EXERCISE AIM: Once you reach the line with "MENOVAMP CIMICIFUGA 60 CAPSULE - pharmaluna", copy it and every line after it exactly, up to the end of the data. Omit the pictures.

MATERIAL PROVIDED:

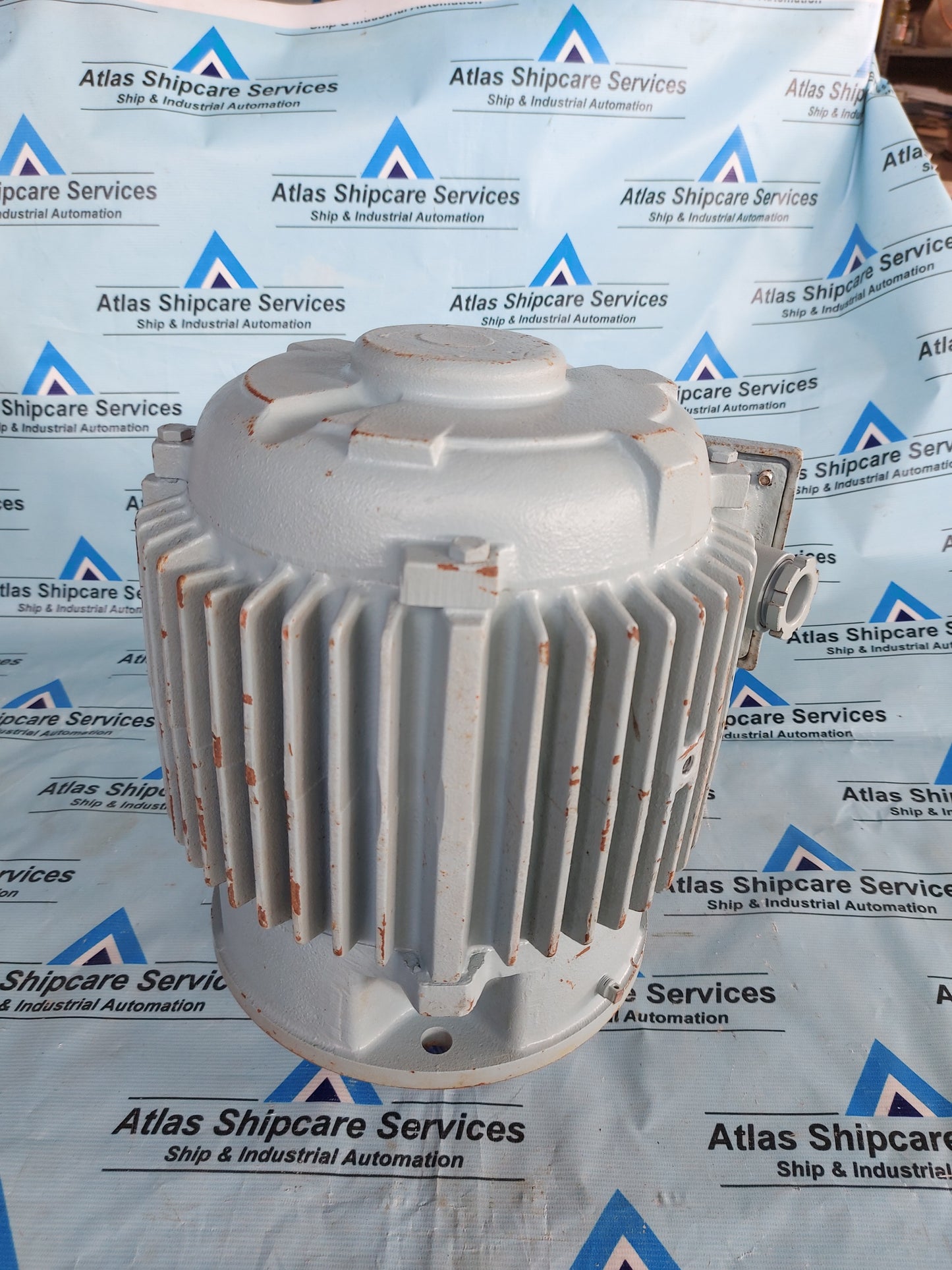 HYOSUNG TEAO-F THREE PHASE INDUCTION MOTOR AG334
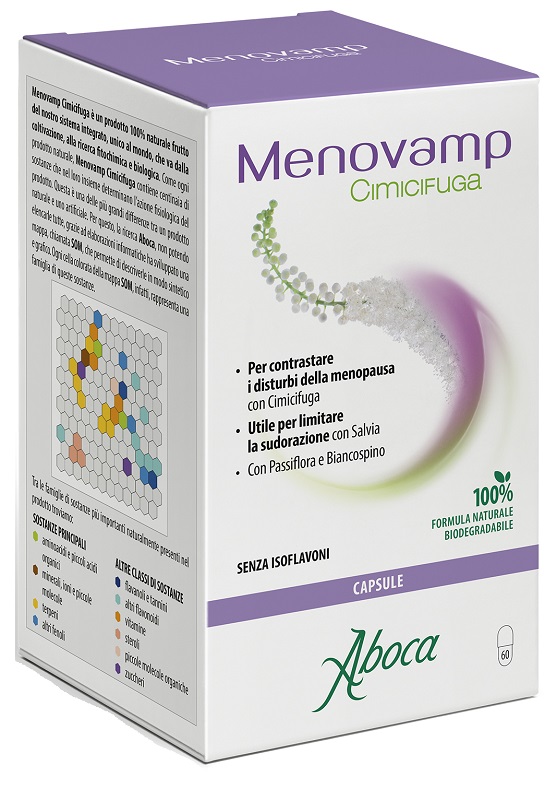 MENOVAMP CIMICIFUGA 60 CAPSULE - pharmaluna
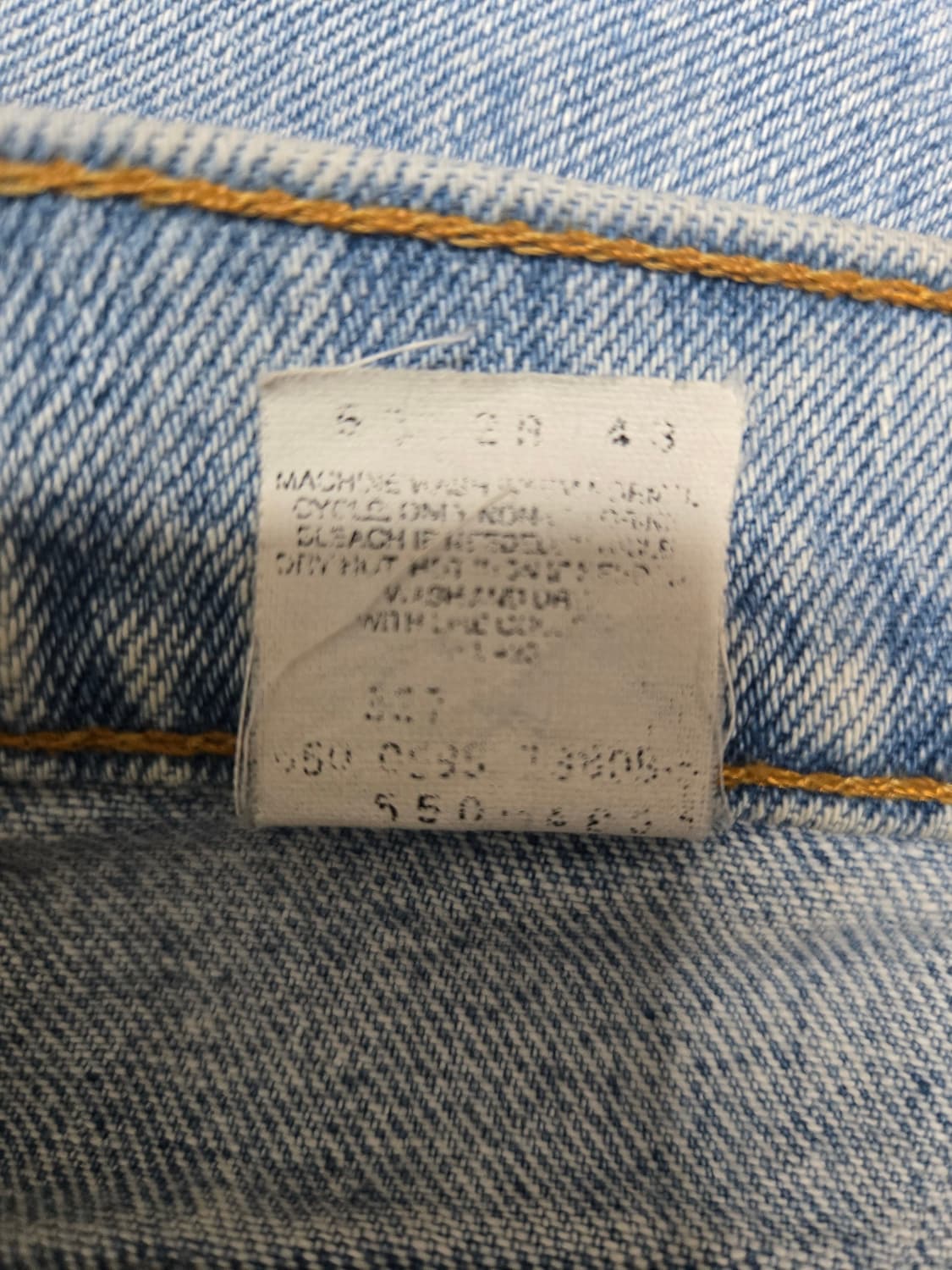 90s levis 550 34/30 상품이미지5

TASK RESULT:
 MENOVAMP CIMICIFUGA 60 CAPSULE - pharmaluna
 90s levis 550 34/30 상품이미지5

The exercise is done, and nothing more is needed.